Recently I’m playing around with LLVM intrinsics and metadata related to invariant. Specifically I’m talking about the following intrinsics and metadata:
@llvm.invariant.start
intrinsic and@llvm.invariant.end
intrinsic;!invariant.load
metadata;!invariant.group
metadata.
Although these intrinsics and metadata are not equivalent, all of them could mark a memory location as “invariant” within a specific program region. For example:
define dso_local i32 @test_intrin(i32 noundef %init) {
%var.ptr = alloca i32, align 4
store i32 %init, ptr %var.ptr, align 4
%inv = call ptr @llvm.invariant.start.p0(i64 4, ptr %var.ptr)
call void @clobber(ptr noundef nonnull %var.ptr)
%1 = load i32, ptr %var.ptr, align 4
ret i32 %1
}
define dso_local i32 @test_invariant_load(i32 noundef %init) {
%var.ptr = alloca i32, align 4
store i32 %init, ptr %var.ptr, align 4
call void @clobber(ptr noundef nonnull %var.ptr)
%1 = load i32, ptr %var.ptr, align 4, !invariant.load !0
ret i32 %1
}
define dso_local i32 @test_invariant_group(i32 noundef %init) {
%var.ptr = alloca i32, align 4
store i32 %init, ptr %var.ptr, align 4, !invariant.group !0
call void @clobber(ptr noundef nonnull %var.ptr)
%1 = load i32, ptr %var.ptr, align 4, !invariant.group !0
ret i32 %1
}
LLVM could optimize all of the 3 functions above into:
define dso_local noundef i32 @test(i32 noundef returned %init) {
%var.ptr = alloca i32, align 4
store i32 %init, ptr %var.ptr, align 4
call void @clobber(ptr noundef nonnull %var.ptr)
ret i32 %init
}
Which is reasonable since the memory location pointed to by %var.ptr
is marked as immutable.
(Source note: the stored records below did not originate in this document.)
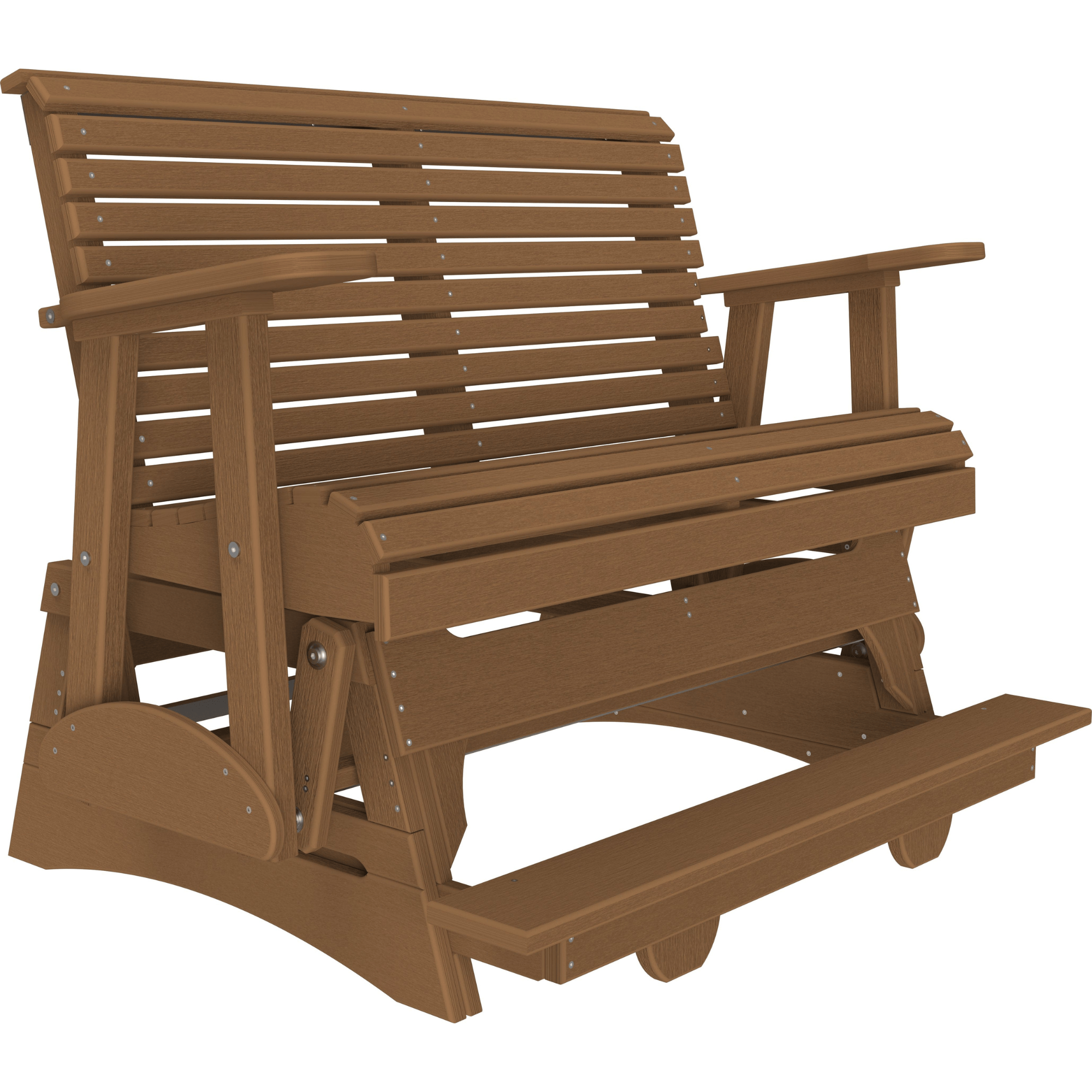 LuxCraft Rollback 4-Foot Poly Composite Balcony Patio Glider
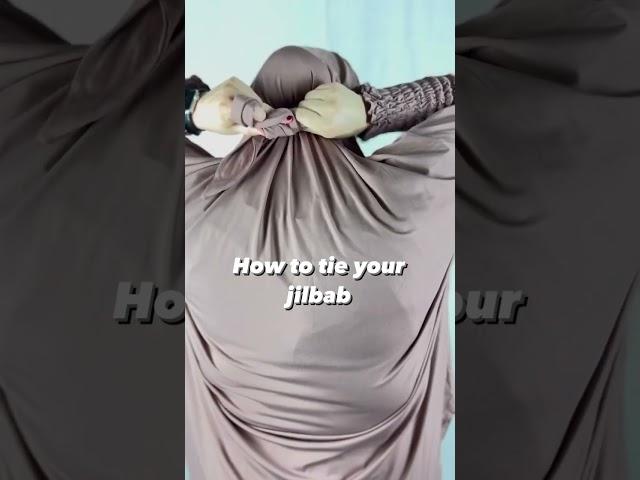 How to tie your jilbab #bellahijabs #fashion #modest #jilbab #hijab #hijabfashion #muslimclothing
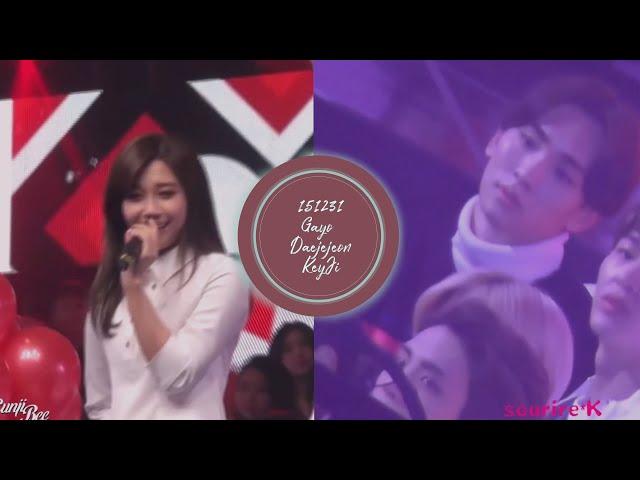 KeyJi | 151231 Gayo Daejejeon Key and Eunji compilation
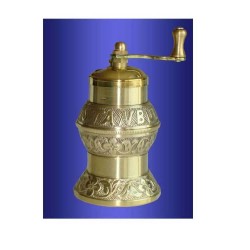 Brass Mini Traditional  Style Turkish Coffee Hand Grinder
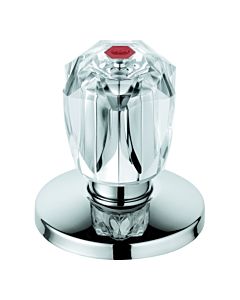 Grohe Oberteil 11542 1/2" f.UP-Vent. 11542000 Brillant Griff Markierung rot chrom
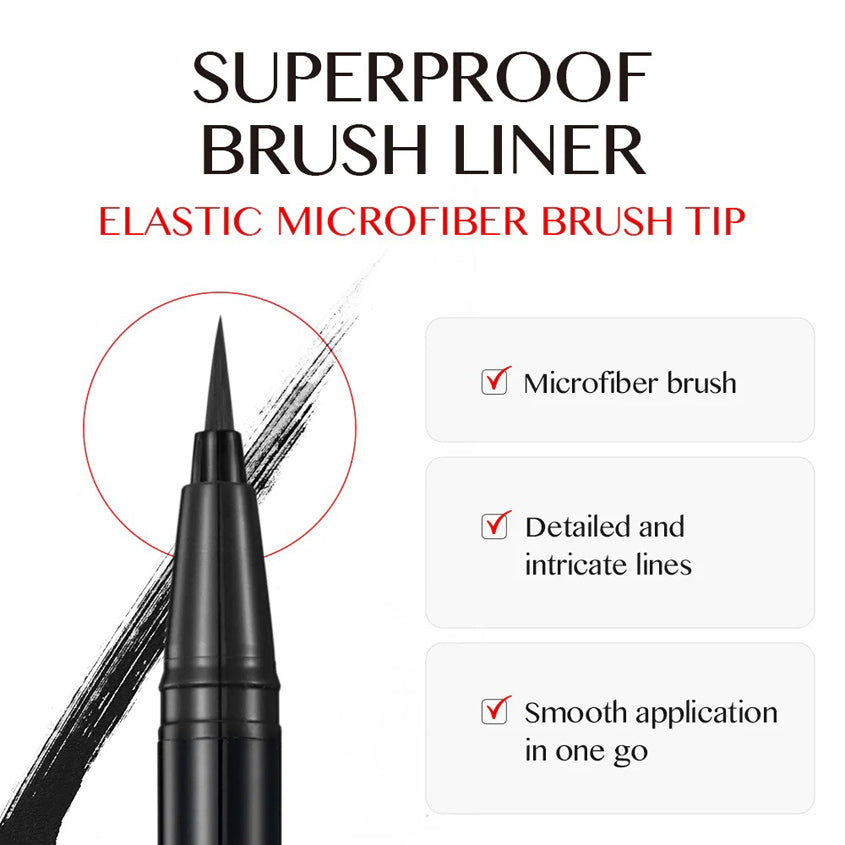 CLIO SUPERPROOF BRUSH LINER KILL BLACK 0,55ml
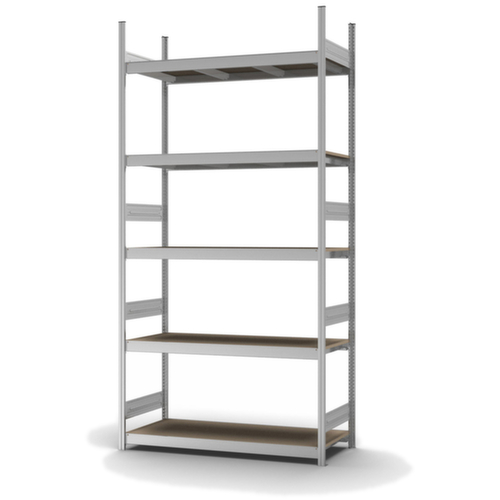 hofe Rayonnage grande largeur avec tablettes en bois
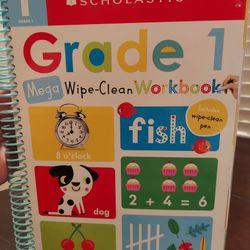 Scholastic Grade 1 Mega Wipe Clean Workbook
But once I added a call to @llvm.invariant.end
in the first function above:
define dso_local i32 @test_intrin(i32 noundef %init) {
%var.ptr = alloca i32, align 4
store i32 %init, ptr %var.ptr, align 4
%inv = call ptr @llvm.invariant.start.p0(i64 4, ptr %var.ptr)
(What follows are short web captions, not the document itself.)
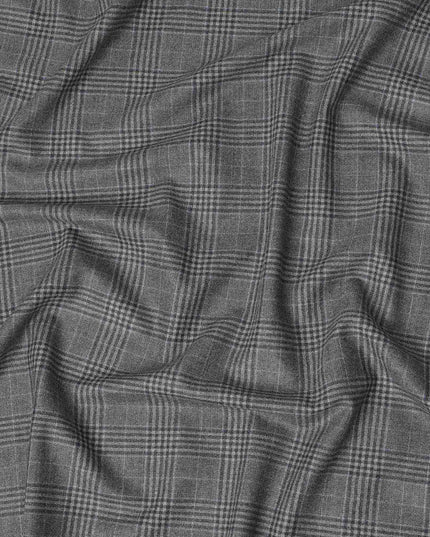 Super 120 Grey Italian Wool Suiting Fabric 150cm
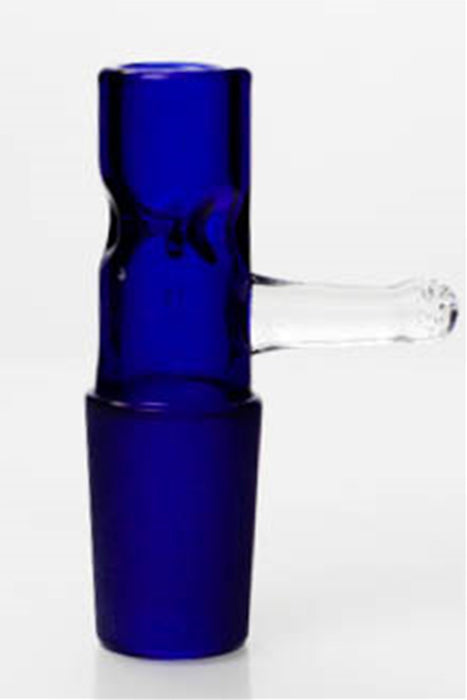 3 Pinched straight glass bowl Bowl · Banger · Oil Burner ONE Blue 18 mm Female Joint
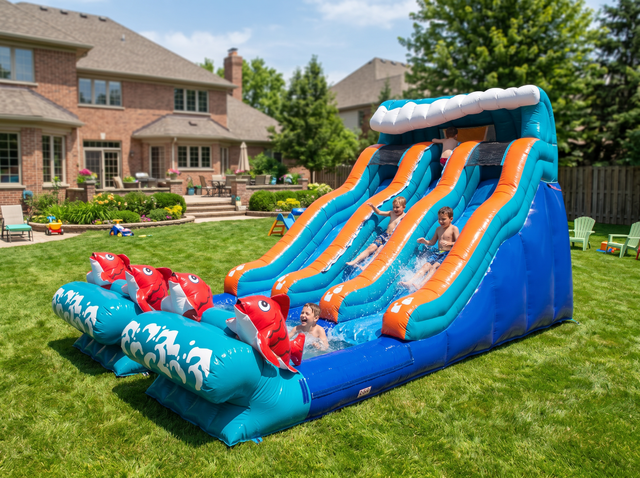 16ft Double Lane Big Kahuna Water Slide rental Austin TX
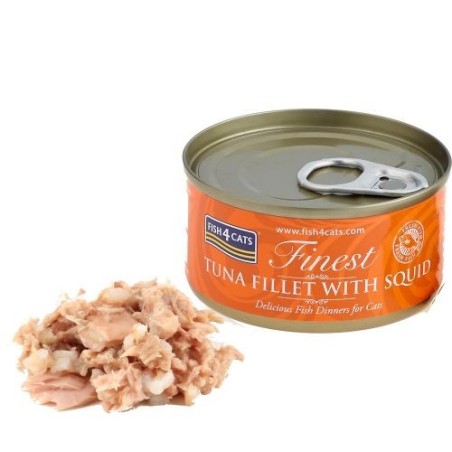 FISH4CATS UMIDO GATTO TONNO E CALAMARI TUNA WITH SQUID 70 GR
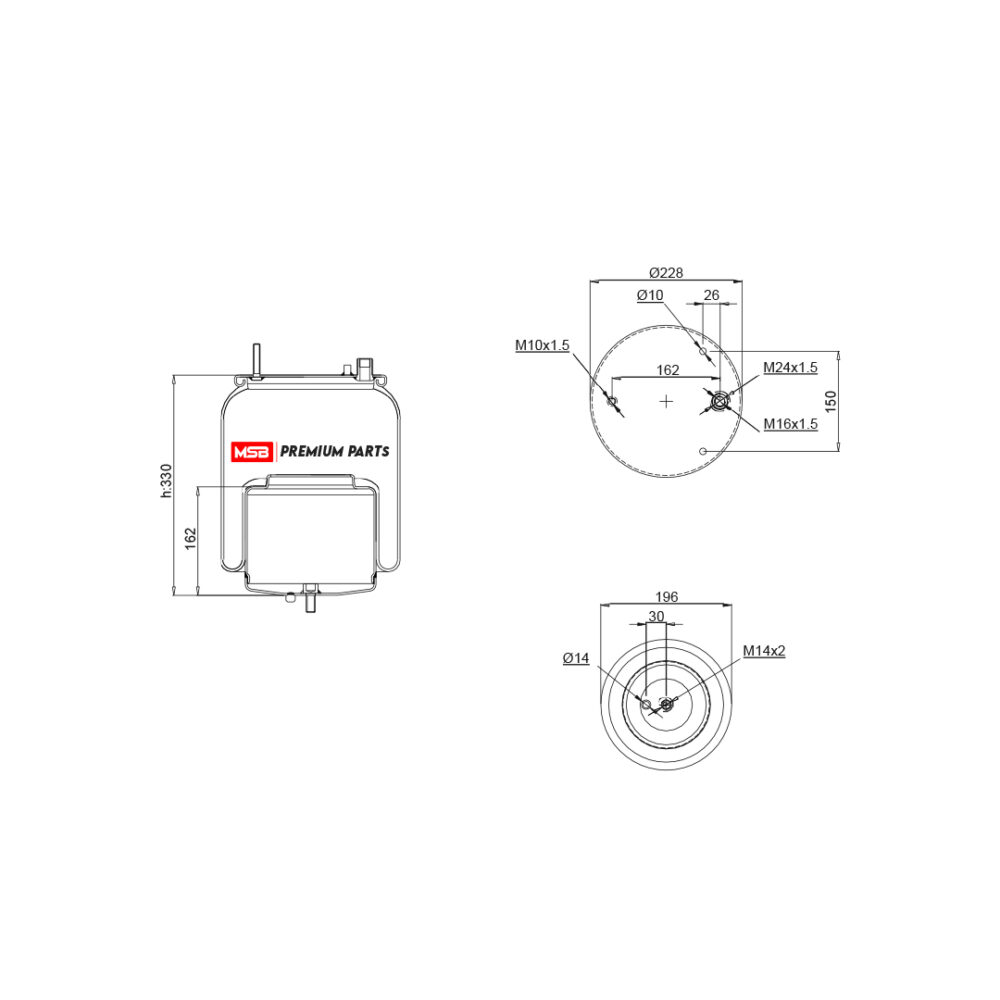 MSB        544560-C2 Air Spring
call void @clobber(ptr noundef nonnull %var.ptr)
%1 = load i32, ptr %var.ptr, align 4
call void @llvm.invariant.end.p0(ptr %inv, i64 4, ptr %var.ptr)
ret i32 %1
}
The optimizer suddenly stops working and no longer be able to fold away the load
instruction. The full example is live on compiler explorer: Compiler Explorer
Is this a miss-optimization?